Japan’s biggest bank has agreed to buy out UBS’ alternative fund services division in an effort to expand its investment administration premise.
Mitsubishi UFJ Financial Group (MUFG), which has $2.5 trillion in assets, said it expects the deal to close in the fourth quarter of 2015, pending regulatory approvals.
The Nikkei Asian Review reported that the acquisition will cost the Toyko-based bank about 30 billion yen ($244 million).
According to MUFG, UBS’ “strong client franchise, global footprint, and notably its strong presence in Asia” were key factors in making the decision.
“We are confident that our clients will benefit from the depth of combined resources and capabilities and from our commitment to innovation coupled with [UBS’Alternative Fund Services’] market-leading technology platform,” said Junichi Okamoto, head of MUFG’s integrated trust assets business group.
UBS Global Asset Management’s President Ulrich Koerner said the acquisition was in the best interest of the Swiss company’s “drive towards scale in fund administration.” MUFG has the “strategic focus on asset servicing” to achieve that goal, he added.
Separately, this week French banks Crédit Agricole and Société Générale (SocGen) announced plans to float Amundi Asset Management, the joint venture launched in January 2010. Now the biggest fund manager in Europe, Amundi has €954 billion in assets under management. SocGen is likely to sell its entire 20% stake in order to boost its regulatory capital buffer, the banks said in a statement. The IPO is planned for later this year.

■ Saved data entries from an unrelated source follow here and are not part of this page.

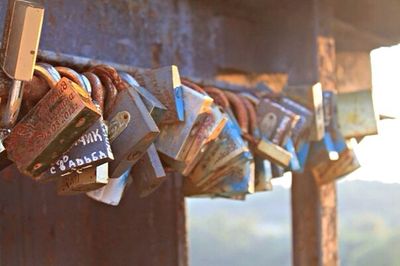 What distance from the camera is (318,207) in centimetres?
203

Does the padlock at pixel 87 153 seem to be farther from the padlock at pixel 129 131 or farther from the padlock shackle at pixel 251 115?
the padlock shackle at pixel 251 115

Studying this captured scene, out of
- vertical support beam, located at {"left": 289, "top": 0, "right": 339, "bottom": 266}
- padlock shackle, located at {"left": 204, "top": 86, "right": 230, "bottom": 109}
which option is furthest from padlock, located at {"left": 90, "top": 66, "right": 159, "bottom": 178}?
vertical support beam, located at {"left": 289, "top": 0, "right": 339, "bottom": 266}

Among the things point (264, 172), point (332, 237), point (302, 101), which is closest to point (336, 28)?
point (332, 237)

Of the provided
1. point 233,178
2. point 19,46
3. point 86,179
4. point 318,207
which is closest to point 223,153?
point 233,178

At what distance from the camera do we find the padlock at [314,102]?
5.37 feet

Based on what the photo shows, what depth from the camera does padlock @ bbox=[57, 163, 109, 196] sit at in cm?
95

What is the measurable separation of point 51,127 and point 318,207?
124 cm

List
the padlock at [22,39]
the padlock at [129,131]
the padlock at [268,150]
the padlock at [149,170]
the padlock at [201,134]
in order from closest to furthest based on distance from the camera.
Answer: the padlock at [22,39]
the padlock at [129,131]
the padlock at [149,170]
the padlock at [201,134]
the padlock at [268,150]

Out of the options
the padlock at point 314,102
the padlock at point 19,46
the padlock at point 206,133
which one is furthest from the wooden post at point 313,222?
the padlock at point 19,46

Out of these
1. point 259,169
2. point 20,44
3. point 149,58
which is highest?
point 149,58

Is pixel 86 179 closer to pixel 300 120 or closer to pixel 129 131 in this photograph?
pixel 129 131

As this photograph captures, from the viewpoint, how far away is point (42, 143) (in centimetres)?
91

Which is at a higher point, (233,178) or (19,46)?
(19,46)

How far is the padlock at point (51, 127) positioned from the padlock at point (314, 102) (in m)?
0.81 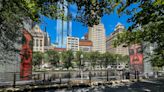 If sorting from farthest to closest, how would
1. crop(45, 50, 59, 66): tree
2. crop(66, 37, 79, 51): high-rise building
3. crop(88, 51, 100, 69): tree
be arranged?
1. crop(66, 37, 79, 51): high-rise building
2. crop(88, 51, 100, 69): tree
3. crop(45, 50, 59, 66): tree

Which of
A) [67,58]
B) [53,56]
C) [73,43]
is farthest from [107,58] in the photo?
[73,43]

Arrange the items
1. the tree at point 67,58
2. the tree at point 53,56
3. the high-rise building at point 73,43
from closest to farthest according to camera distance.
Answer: the tree at point 67,58 → the tree at point 53,56 → the high-rise building at point 73,43

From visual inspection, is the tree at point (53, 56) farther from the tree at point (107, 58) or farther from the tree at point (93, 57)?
the tree at point (107, 58)

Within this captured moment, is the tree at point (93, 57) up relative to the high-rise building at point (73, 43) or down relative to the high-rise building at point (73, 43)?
down

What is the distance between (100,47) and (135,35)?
161 m

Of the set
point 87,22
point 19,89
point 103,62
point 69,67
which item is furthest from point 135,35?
point 103,62

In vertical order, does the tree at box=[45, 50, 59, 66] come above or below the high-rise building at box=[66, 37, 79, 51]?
below

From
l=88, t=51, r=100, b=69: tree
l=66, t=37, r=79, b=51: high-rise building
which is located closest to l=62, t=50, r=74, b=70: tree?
l=88, t=51, r=100, b=69: tree

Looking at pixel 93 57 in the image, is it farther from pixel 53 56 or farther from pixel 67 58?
pixel 53 56

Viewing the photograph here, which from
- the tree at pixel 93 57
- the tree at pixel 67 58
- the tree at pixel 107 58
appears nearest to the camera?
the tree at pixel 67 58

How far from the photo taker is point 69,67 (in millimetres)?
66000

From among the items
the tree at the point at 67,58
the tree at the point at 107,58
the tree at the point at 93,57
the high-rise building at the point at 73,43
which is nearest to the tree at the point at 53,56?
the tree at the point at 67,58

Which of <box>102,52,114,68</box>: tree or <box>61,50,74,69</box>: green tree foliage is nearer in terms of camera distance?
<box>61,50,74,69</box>: green tree foliage

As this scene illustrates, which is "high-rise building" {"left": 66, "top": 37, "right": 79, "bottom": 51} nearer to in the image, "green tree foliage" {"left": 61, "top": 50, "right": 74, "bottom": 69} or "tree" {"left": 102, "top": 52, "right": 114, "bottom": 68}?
"tree" {"left": 102, "top": 52, "right": 114, "bottom": 68}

Earlier this month, Northern Trust spun out its hedge fund and private equity business under the name 50 South Capital Advisors.
The boutique firm—still 100% owned by its parent company—will operate with $3 billion client capital under management and $1.3 billion on which to advise. In addition to specializing in private equity and hedge funds-of-funds, 50 South Capital will also advise on custom portfolios and serve as outsourced-CIO.